* WORK INSTRUCTION *
Return the listing below exactly, with the pictures dropped.

====== DATA SECTION ======

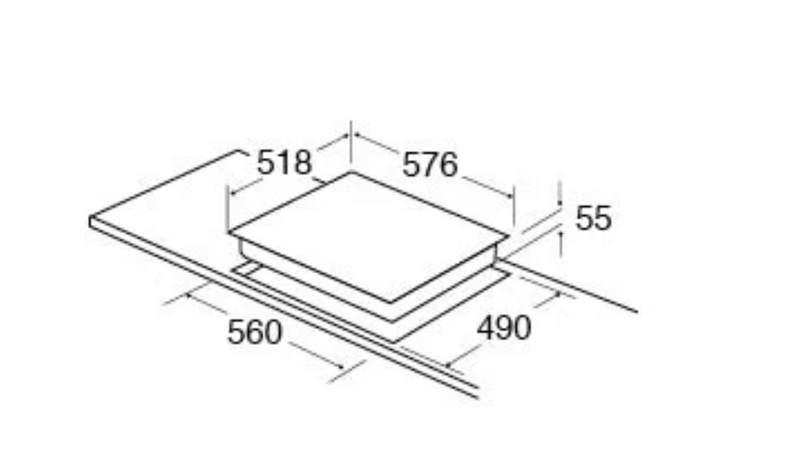 CDA HN6841FR Four zone induction hob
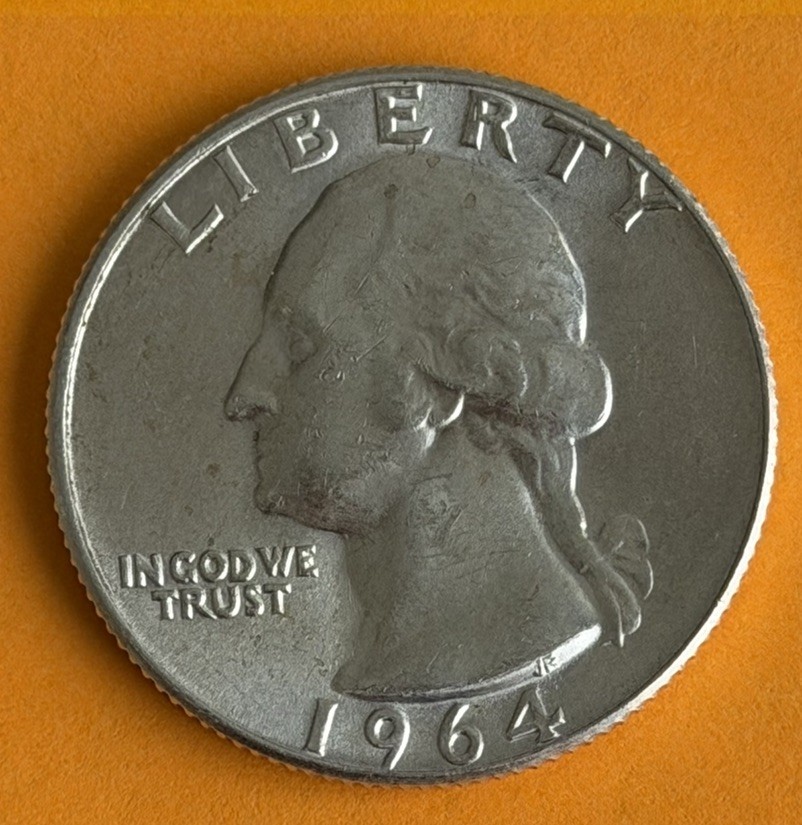 1964-D Washington Quarter ¼ $ 90% Silver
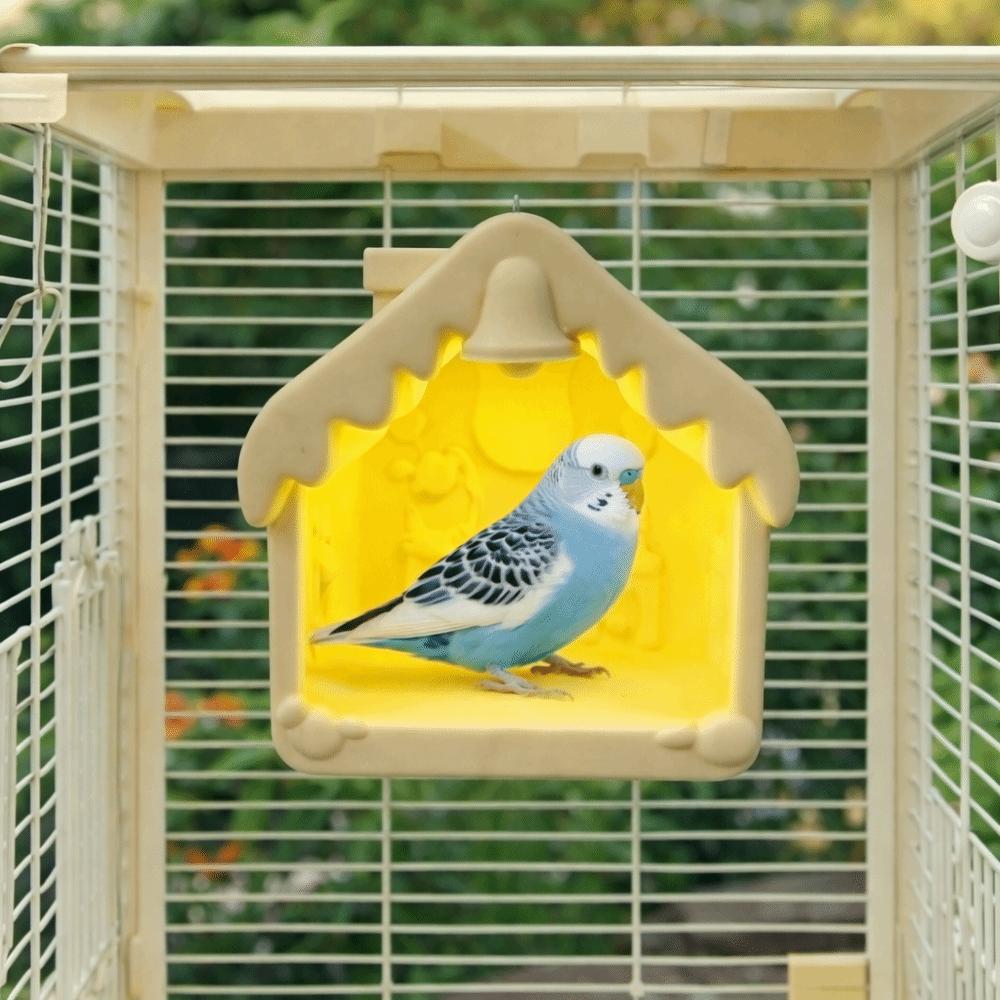 With Pad Bird Breeding Nest Warm Light Bird Nest Cage Parrot Bed House Indoor Aviary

======

* ANSWER TO THE EXERCISE *
 CDA HN6841FR Four zone induction hob
 1964-D Washington Quarter ¼ $ 90% Silver
 With Pad Bird Breeding Nest Warm Light Bird Nest Cage Parrot Bed House Indoor Aviary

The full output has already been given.